473,241 Members | 1,601 Online
Bytes | Software Development & Data Engineering Community
Post Job

Home Posts Topics Members FAQ

Join Bytes to post your question to a community of 473,241 software developers and data experts.

an idiot question: if ord() returns a value between 0 and 127, then the character is ASCII?


I know I'm missing something obvious, but I looked hard at this page
and did not see the format of the return specified:

http://us3.php.net/manual/en/function.ord.php
From the limited example I assume it is the decimal (not hex or binary)

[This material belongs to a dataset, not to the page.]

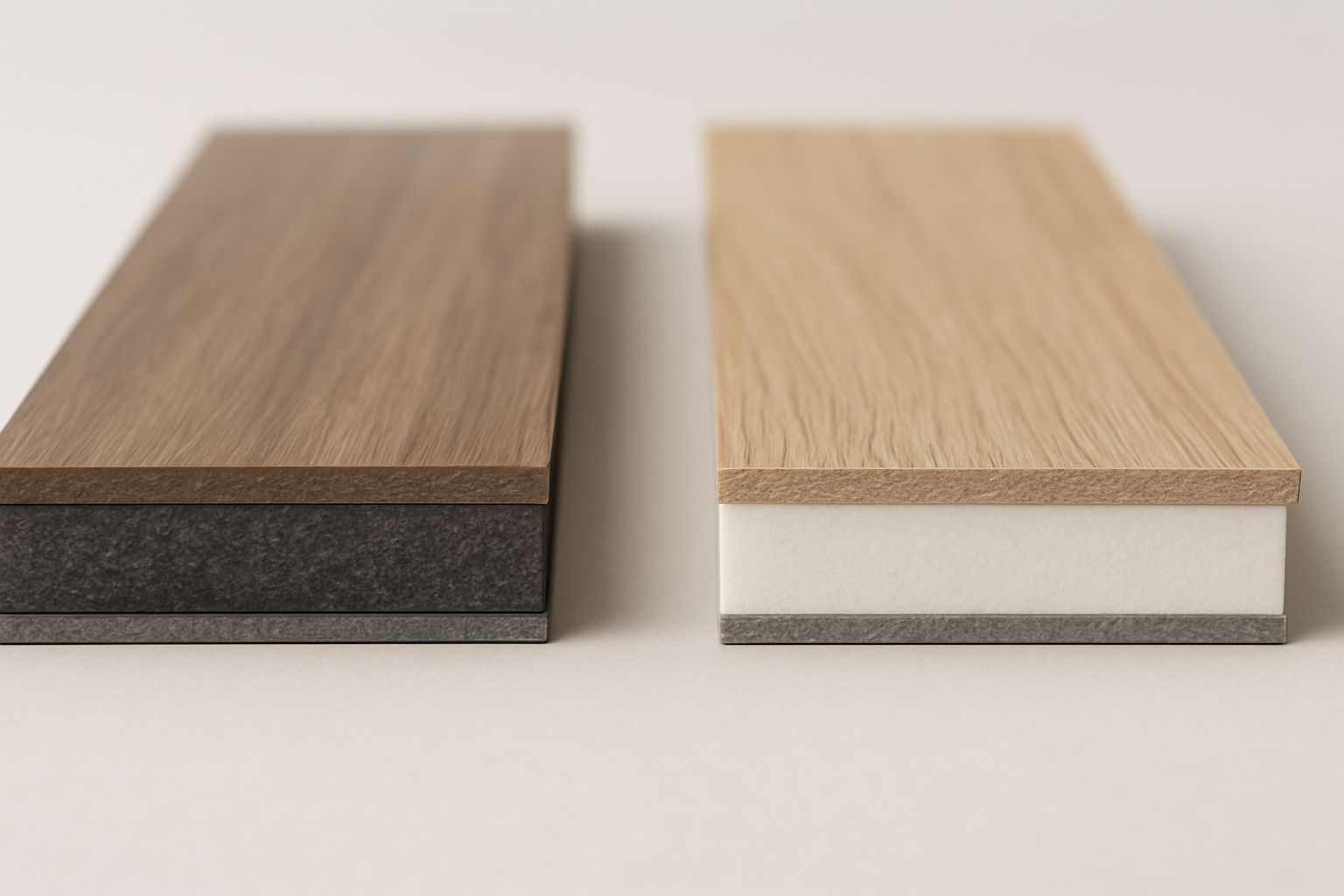 So sánh cốt sàn nhựa tái chế màu đen và sàn nhựa nguyên sinh màu trắng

value of the character being returned?

So long as the returned value is between 0 and 127, I can treat it as
ascii?

If, for some reason, I had to restrict my output to ascii, then any
time I encountered a value outside of 0 to 127, then I'd have to
replace it with something in range?

Despite all the terrific help I've gotten on comp.lang.php regarding
this issue, my RSS feeds continue to fail when users write weblog posts
in Microsoft Word and then copy and paste their post to a form and
input that. So I'm resorting to severe measures. I don't care if I end
up with a lot of garbage characters, that is fine, I just want the RSS
feed to validate.

Aug 18 '05 #1
5 2433
lk******@geocities.com wrote:

: I know I'm missing something obvious, but I looked hard at this page
: and did not see the format of the return specified:

: http://us3.php.net/manual/en/function.ord.php

: >From the limited example I assume it is the decimal (not hex or binary)
: value of the character being returned?

The value returned is a number, it has no format unless you try to use it
as a string, then php would have to decide how to format the value.

: So long as the returned value is between 0 and 127, I can treat it as
: ascii?

As ascii yes, but as a character no.

ord() returns the numeric value of a byte, not the byte itself.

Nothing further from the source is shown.